"Tetapi ini melepaskannya dari konteks bahwa undang-undang mewajibkan keterwakilan perempuan paling sedikit 30 persen di setiap dapil," tambah dia.
Dengan adanya aturan pada PKPU tersebut, kata dia, daerah pemilihan (dapil) dengan jumlah kursi yang tersedia sebanyak 4, 7, 8, dan 11 akan menghasilkan keterwakilan perempuan kuran dari 30 persen.
"Perempuan yang harusnya berkompetensi di Pemilu 2024, lalu tidak mendapatkan tiket itu karena keterwakilan perempuan didistorsi, dieliminasi oleh ketentuan itu," ujarnya.
Sementara itu, Masyarakat Peduli Keterwakilan Perempuan menyampaikan audiensi kepada Bawaslu perihal penolakan terhadap Peraturan Komisi Pemilihan Umum (PKPU) Nomor 10 Tahun 2023 Pasal 8.
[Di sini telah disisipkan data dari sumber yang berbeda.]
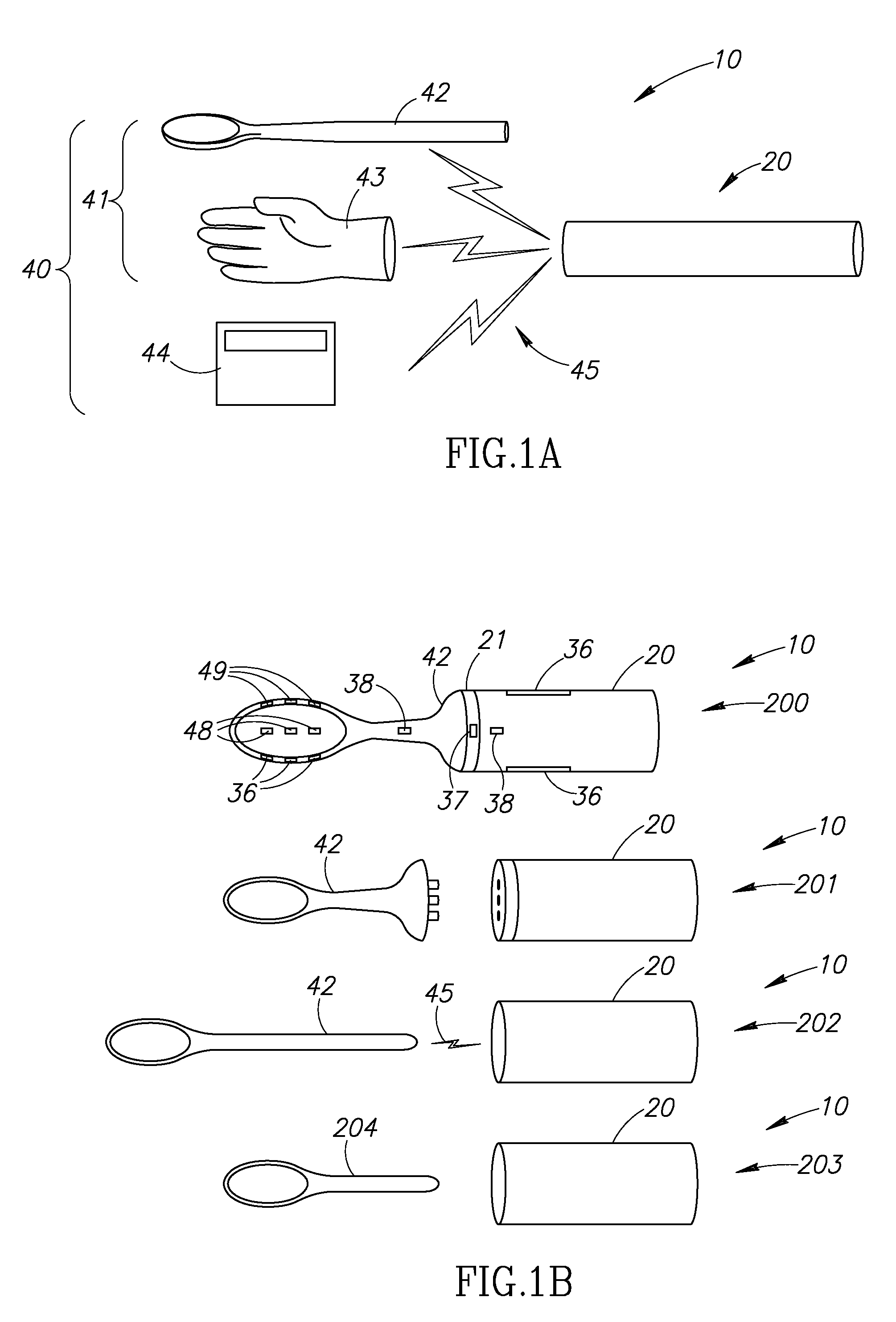 Eating utensil to monitor and regulate dietary intake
Dengan begitu, mereka menyampaikan tiga pernyataan sikap perihal PKPU Nomor 10 Tahun 2023 Pasal 8.
"Masyarakat Peduli Keterwakilan Perempuan menyatakan menolak Pasal 8 Ayat (2) PKPU 10/2023 karena melanggar UUD NRI Tahun 1945 dan UU Pemilu dan mematikan upaya peningkatan keterwakilan perempuan dalam pencalonan DPR dan DPRD," kata Perwakilan Masyarakat Peduli Keterwakilan Perempuan Valentina Sagala.
Kemudian, mereka juga menuntut Bawaslu untuk menjalankan perannya dalam melakukan pengawasan tahapan penyelenggaraan pemilu dalam waktu 2x24 jam.
"Sesuai kewenangannya, Bawaslu harus menerbitkan rekomendasi kepada KPU untuk segera merevisi Pasal 8 PKPU 10/2023 bertentangan dengan UUD NRI Tahun 1945 dan UU Pemilu," lanjut dia.
Jika dalam waktu 2x24 jam Bawaslu tidak menerbitkan rekomendasi kepada KPU, lanjut dia, Masyarakat Peduli Keterwakilan Perempuan akan melakukan sejumlah upaya hukum untuk menuntut pemulihan hak politik perempuan berkompetisi pada Pemilu 2024.
Baca Juga: Perludem Sebut PKPU 10/2023 Pasal 8 Kurangi Keterwakilan Perempuan dalam Pileg 2024
Sementara di sisi lain, Komisioner KPU Idham Holik menjelaskan PKPU itu telah dikonsultasikan dengan Komisi II DPR dalam proses legal drafting.